A: You know walking out of school just for the sake of doing it is dumb as fuck right and makes you look silly. 
K: Well, no I don’t think I’m walking out unless it’s FOR letting our teachers arm themselves.
A: Ok, well I agree with your opinion, but if all you do is stick on a trump or NRA shirt and walk out of school to make your point your proving the stereotype of spoiled hissy-fit-throwing millennial generation.  Yes, it might make the news but if people disagree with your viewpoint you will be dismissed as a silly millennial throwing a tantrum. 
K: Yeah that’s true - I probably wont walk out that’s stupid when you put it that way. 
A: I was going to tell you in no uncertain terms will you walk out of school just to throw a fit but I think Im changing my mind - you can joint the walk out....under certain circumstances. 
K: Uh...ok? What
A: you need to do some research first.  The shirt you might choose to wear may or may not be the most relevant choice at this exact moment. 
K: Well I might wear an NRA shirt I don’t know...
A: I’m not knocking the “Deplorable” shirt, I’m saying you need to go beyond your feelings and know what it is you’re talking about.  If your gonna walk out of school and flaunt an unpopular opinion be prepared to have someone question your opinion or the validity of it. 
K: <deer in headlights look>
A: Do this and get back to me: 
 1) Look up deplorable and know what it means both the definition and the pop culture reference 
2) Find out what it stands for in current culture and what that word embodies to people who consider themselves “deplorables” and figure out if those values and beliefs are in line with yours 
3) Figure out why they’re even called “deplorables” who said it and what context they meant it in” 
K: <starts googling> oh- ok, Cool!
A: Not yet - that’s just preparation not to make yourself look like an asshole when someone asks you why you’re wearing what you’re wearing.   
Now here’s the action part: see, walking out is a great way to get publicity for your opinion for one day but your not actually directly affecting any change (as in a tangible change you can see immediately).  If you’re going to expect people to acknowledge your opinions and act on them you also need to act on them.  Find something that you can do that will make a difference.  Write the school board, write to your congressman, find a lonely kid and really try to be a friend, step up when someone is being bullied and be their advocate even if you’re going against the grain- and do it every day.  Find things you can do that have an immediate impact even for just one person AND DO THEM.  If you do all of that you can walk out with my support no matter what side of the fence your on. 

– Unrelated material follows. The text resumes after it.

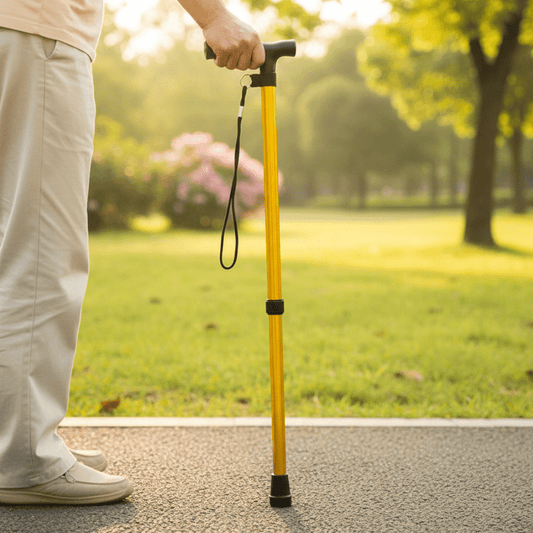 Portable Adjustable Walking Stick with Comfort Grip - Fesara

Honestly, I still roll my eyes when I think of her walking out of school in any kind of protest, but I guess if that is the trade off for her making an actual tangible change and figuring out why she believes what she believes on her own then it’s worth it...

I challenge all parents to do the same no matter what your/your children’s beliefs might be.  If it’s truly a worthwhile cause you won’t only rally for a day with 500 other like minded people, you’ll work every day to change what you personally can - even when no ones looking. 

We might not need so much gun control or armed teachers if instead we actually cared a little more about our peers and surroundings.




Thursday, January 25, 2018

Look Ma...Finally a new Post

For the last 8 months I’ve been meaning to get back on here and write a post....hell, at least post pictures. 

Clearly I haven’t.  
My poor blog seems to have fallen into the same black hole that somehow sucked up all of my free time and energy and clean underwear. (Like, ALL OF THE GODDAMNED UNDERWEAR!) 

Since they’re too young to read this I’ll just blame it on the terrorists for not being funny anymore.  



In truth they might be a little less funny but mainly they’re just all so goddamned active.  
I was reading through some of my old posts and I remember feeling like I was stuck in a never ending cycle of shitty diapers, tantrums, homework and counting down the days till daddy came home.  I didn’t think it could get any more hectic or exhausting. 

I was wrong. 
The kids are less physically demanding but god they’re mentally exhausting.  (For instance - I’m currently sitting in the tub trying to wash my ass while calling out spelling words to Jaxon, watching Lannie put on a runway show in my heels, reading a drama piece with Kait and trying to get her competition schedule nailed down) 





Back to the terrorists:
They’re not cute little drunk midgets with mood swings anymore.  They’re like miniature bipolar dictators .  Everyone wants to run the fucking show but no one wants to get a damn job and pay some of the bills. 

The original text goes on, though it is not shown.